:: INPUT MATERIAL ::
——————
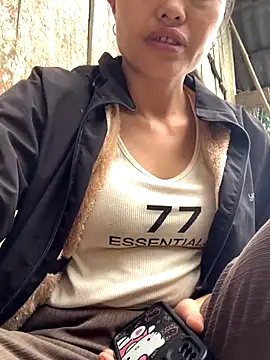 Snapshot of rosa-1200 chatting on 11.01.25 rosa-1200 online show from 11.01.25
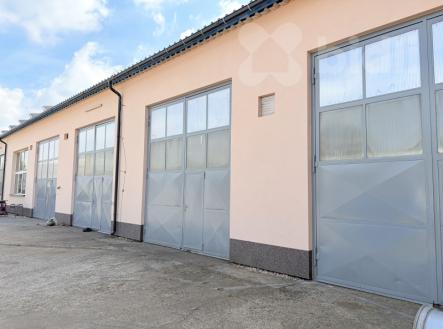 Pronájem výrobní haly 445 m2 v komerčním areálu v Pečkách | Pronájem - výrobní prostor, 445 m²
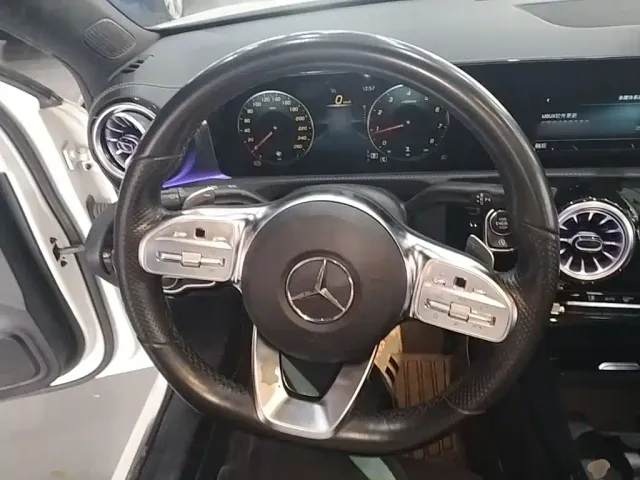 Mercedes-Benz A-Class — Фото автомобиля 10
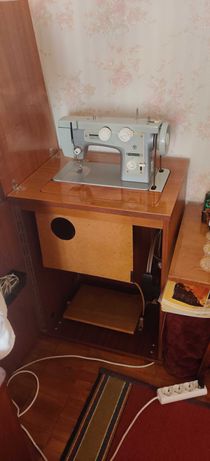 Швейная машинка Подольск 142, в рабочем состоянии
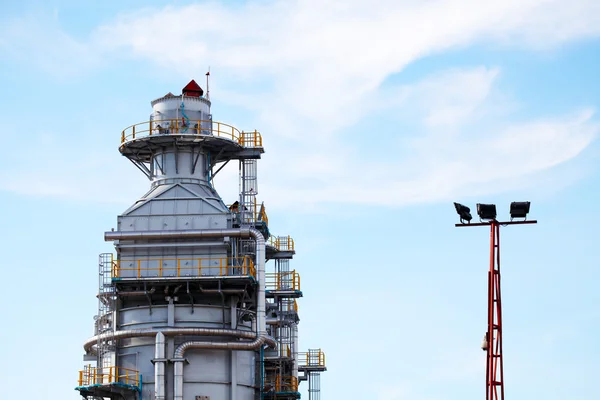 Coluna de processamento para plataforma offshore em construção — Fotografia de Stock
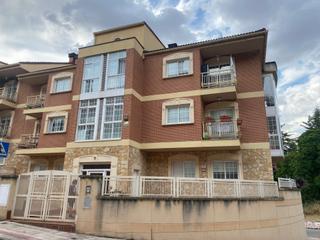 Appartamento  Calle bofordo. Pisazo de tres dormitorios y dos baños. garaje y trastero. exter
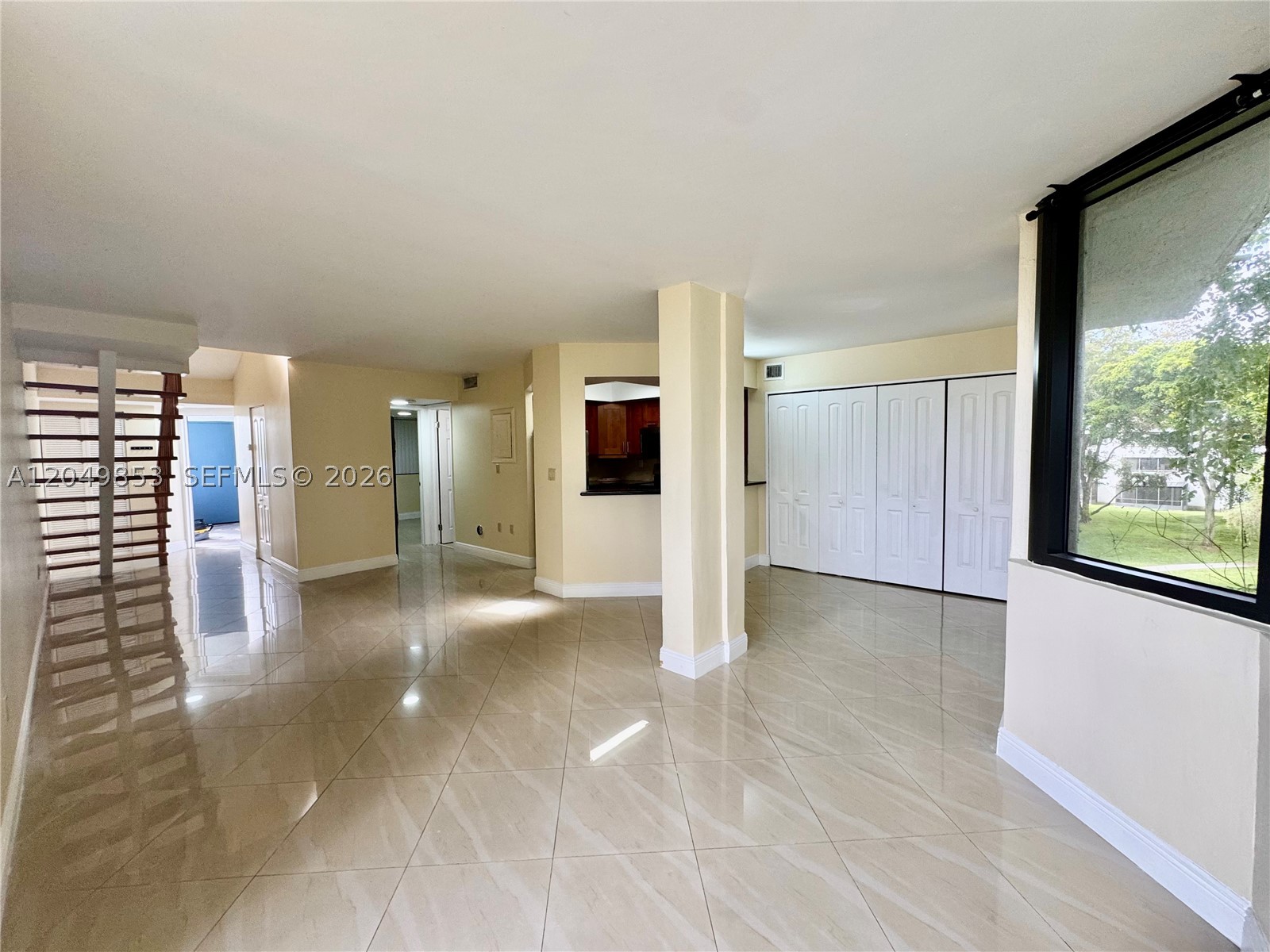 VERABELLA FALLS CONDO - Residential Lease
——————
:: ABOUT THIS TASK ::
Begin at the first line of the entries and end at the line containing "Швейная машинка Подольск": write out each line exactly, skipping pictures.

:: FINAL ANSWER ::
 Snapshot of rosa-1200 chatting on 11.01.25 rosa-1200 online show from 11.01.25
 Pronájem výrobní haly 445 m2 v komerčním areálu v Pečkách | Pronájem - výrobní prostor, 445 m²
 Mercedes-Benz A-Class — Фото автомобиля 10
 Швейная машинка Подольск 142, в рабочем состоянии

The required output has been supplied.